Work task | The records below are to be set down word for word, with every picture left out.

Records provided |
◆ ◆ ◆ ◆

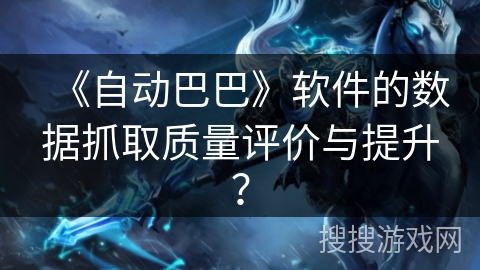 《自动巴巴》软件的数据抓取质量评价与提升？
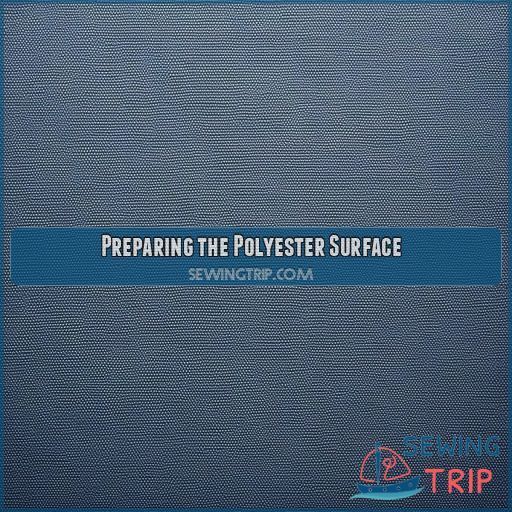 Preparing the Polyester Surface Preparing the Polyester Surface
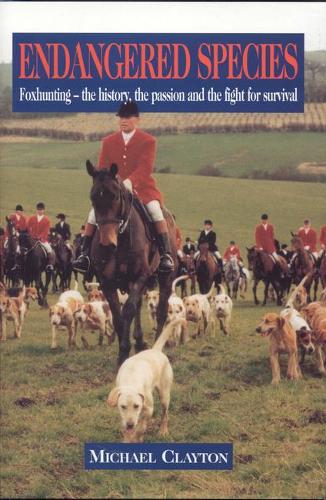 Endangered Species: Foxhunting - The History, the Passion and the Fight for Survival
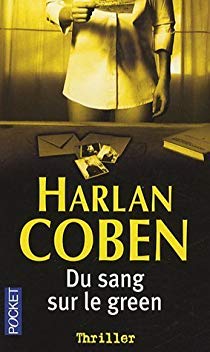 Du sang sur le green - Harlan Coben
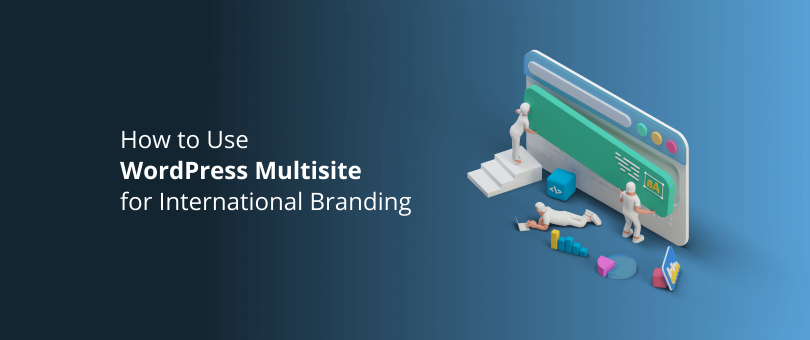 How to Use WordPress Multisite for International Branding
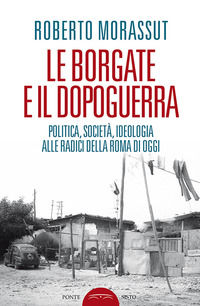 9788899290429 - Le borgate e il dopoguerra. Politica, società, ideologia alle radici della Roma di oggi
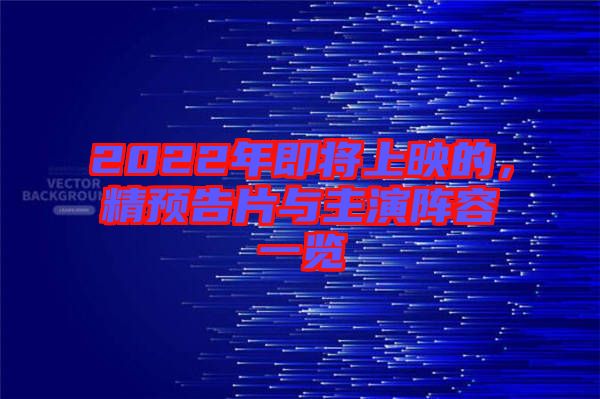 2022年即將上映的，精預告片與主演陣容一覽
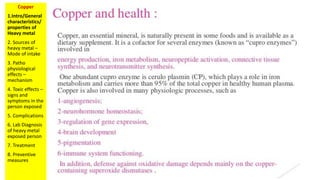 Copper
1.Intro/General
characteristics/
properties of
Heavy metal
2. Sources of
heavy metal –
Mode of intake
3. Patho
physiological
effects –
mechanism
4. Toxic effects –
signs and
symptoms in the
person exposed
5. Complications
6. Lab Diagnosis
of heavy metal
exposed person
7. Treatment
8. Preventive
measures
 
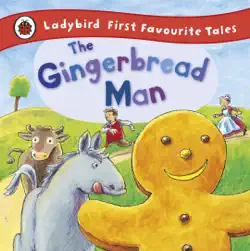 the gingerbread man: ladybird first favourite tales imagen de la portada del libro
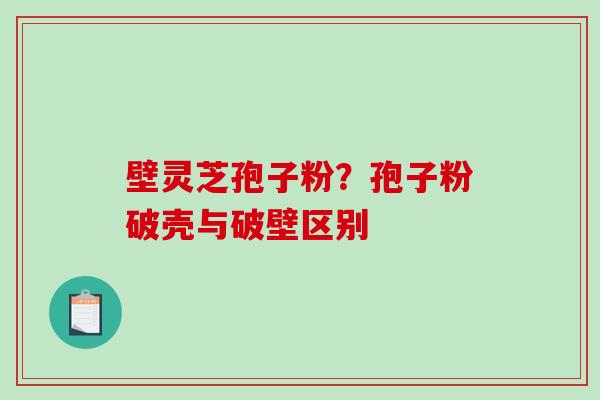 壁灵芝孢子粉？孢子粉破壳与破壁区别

◆ ◆ ◆ ◆

Exercise response |
 《自动巴巴》软件的数据抓取质量评价与提升？
 Preparing the Polyester Surface Preparing the Polyester Surface
 Endangered Species: Foxhunting - The History, the Passion and the Fight for Survival
 Du sang sur le green - Harlan Coben
 How to Use WordPress Multisite for International Branding
 9788899290429 - Le borgate e il dopoguerra. Politica, società, ideologia alle radici della Roma di oggi
 2022年即將上映的，精預告片與主演陣容一覽
 Copper
1.Intro/General
characteristics/
properties of
Heavy metal
2. Sources of
heavy metal –
Mode of intake
3. Patho
physiological
effects –
mechanism
4. Toxic effects –
signs and
symptoms in the
person exposed
5. Complications
6. Lab Diagnosis
of heavy metal
exposed person
7. Treatment
8. Preventive
measures
 
 the gingerbread man: ladybird first favourite tales imagen de la portada del libro
 壁灵芝孢子粉？孢子粉破壳与破壁区别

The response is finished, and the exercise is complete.